少し間が空きましたが、話題にしていないだけでなんだかんだ読みすすめています。ということで学びや読む経験を得るための「エッセイを学ぶ」企画、第2回目です。

2人目となる今回は朝井リョウの「風と共にゆとりぬ」です。

朝井リョウさんは映画にもなった「桐島、部活やめるってよ」でデビューをした小説家で、このエッセイは「時をかけるゆとり」に続く2作品目になります。

この本はまず大きく分けて3つの構成になっています。
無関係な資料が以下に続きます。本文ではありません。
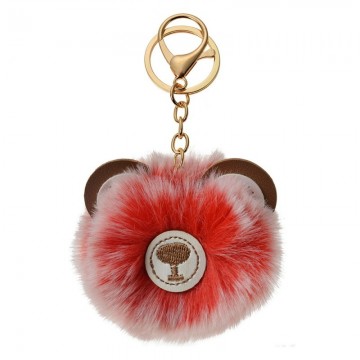 Jzkc0085 sleutelhanger pompom rood pluche beer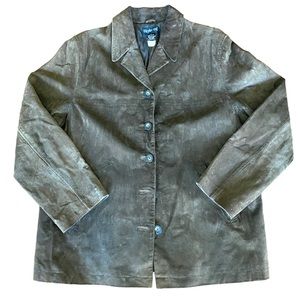 335 Suede button up jacket XL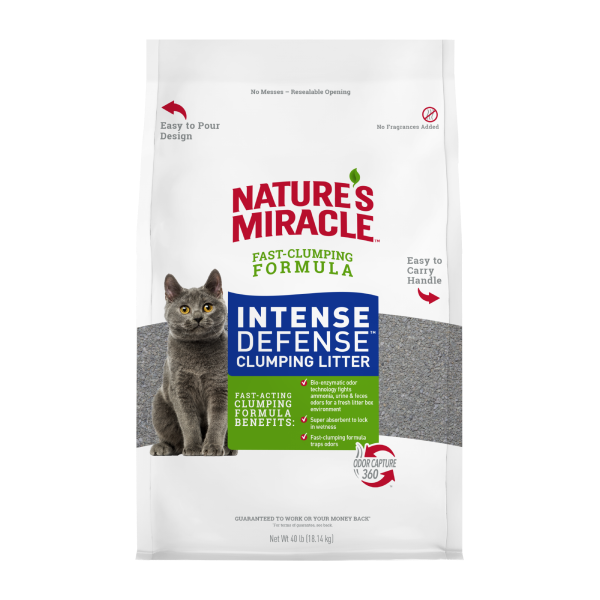 Natures Miracle Intense Defense Clumping Litter Fragrance Free 40 lb
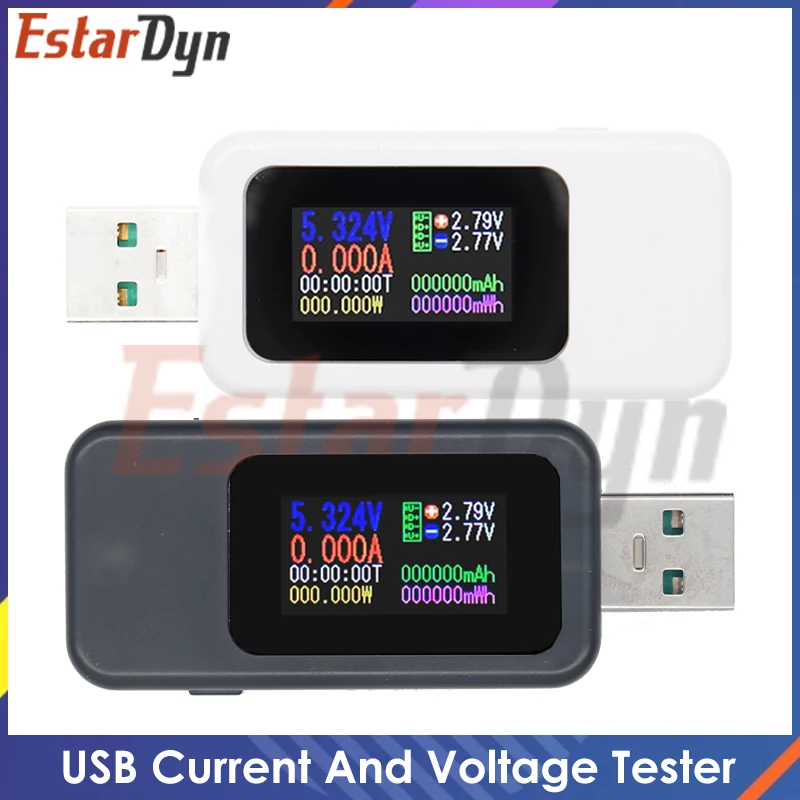 MX-18 USB 10 in 1 USB Tester DC Digital Voltmeter Amperimetro Current Voltage Meter Amp Volt Ammeter Detector Power Bank Charger Indicator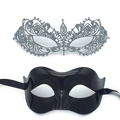 Detail of silver glitter cutout lace mask and black glossy masquerade eye mask - 015 Silver Lace + Eye Mask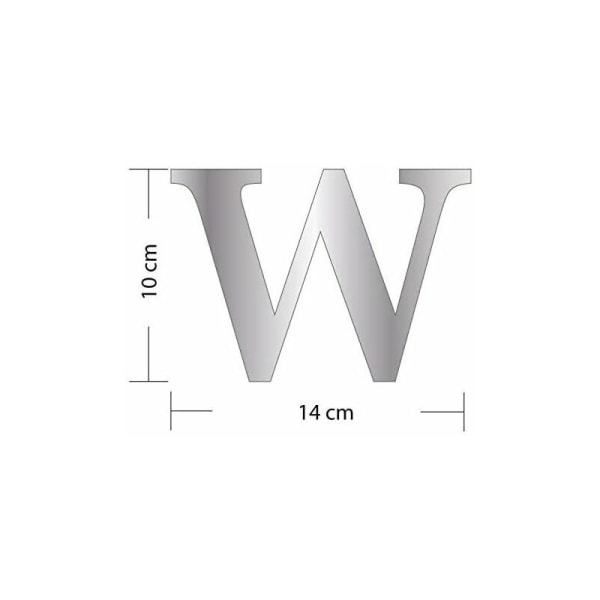 Självhäftande spegelbokstäver - bokstav W & - höjd 10 cm - självhäftande initial - spegelalfabet - plexiglasdekoration - alfabet 26 bokstäver CHAM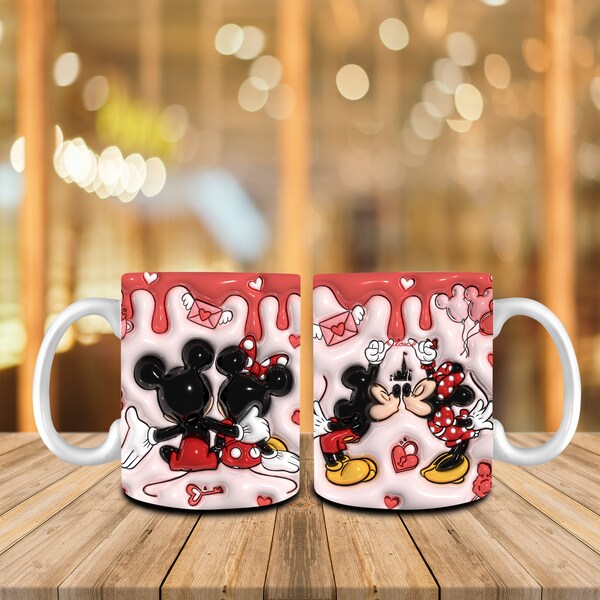 3D Aufgeblasener Cartoon Valentine Kaffee 11 Unzen Becher Wrap Png, Puff Maus Paare Valentine Becher, Happy Valentines Day, Liebe Herz Valentine Becher Wrap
日常が書かれた「日常」、新聞の連載によるエッセイ「プロムナード」、そして肛門に関する病との戦いの記録である「肛門記」です。

それぞれにいくつものエピソードが存在するわけですが、読んでいてゆとりと自称する作者の日常と状況を例える比喩、そしてエピソードとしての面白さが同時に存在し、とても楽しい作品でした。

ただその一方でこの本には面白いんだけど・・・と同時に存在する要素があります。それは共感性羞恥です。読んでいて面白いんだけど、早くこの羞恥な部分から脱出してこの編を読み終わりたい、けど進まないという複雑で奇妙な感覚とずっと格闘していました。

これは特に「日常」で顕著です。面白いと羞恥が同時に存在するのがわかると、本を開くのにも別の意味で葛藤が生まれます。「面白いんだけど・・・面白いんだけど!」この数日の間何度これに悩まされたのでしょう。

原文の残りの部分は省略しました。